A Danish Muslim woman who allegedly refused to take off her niqab at Brussels Airport has been deported to Tunisia after police were unable to identify her.
State Secretary for Asylum and Migration, Theo Francken, confirmed the incident on his official Twitter account on Saturday.
He tweeted: “A Danish citizen coming from Tunis refused to take off her niqab at our border. Police could not identify her.

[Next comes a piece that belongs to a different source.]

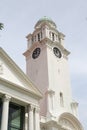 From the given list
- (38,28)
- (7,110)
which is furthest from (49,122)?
(38,28)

She was sent back to Tunis.”
The woman was not identified by her name in the tweet.
Franken added: “Thursday I informed my Danish colleague Inger [Stojberg, Danish minister for immigration, integration and housing] about the niqab-incident with a Danish citizen on our Schengenborder.”
On 23 July 2011, Belgium banned women from wearing the niqab and burqa, the Islamic garment which covers the face and full body, and imposed a fine and a prison sentence up to seven days on women caught wearing a full-face veil.
Belgium was the second European country to ban the niqab in public, raising fears among Muslim communities and human rights campaigners that other countries could follow suit.
The idea was first proposed by the Flemish far-right as “a first step against Islamisation”.
Amnesty International condemned the move at the time, deeming it as “an attack on religious freedom”.
Philippe Hensmans, of Amnesty Belgium, said it had been pushed through without a proper national debate.
He said: “It’s also not at all clear that it is in line with the Belgian constitution and with international human rights conventions.”
However, the anti-niqab legislation has found widespread support across the left-right political divide with opposition to the garment creating unnatural alliances between social conservatives and feminist pressure groups.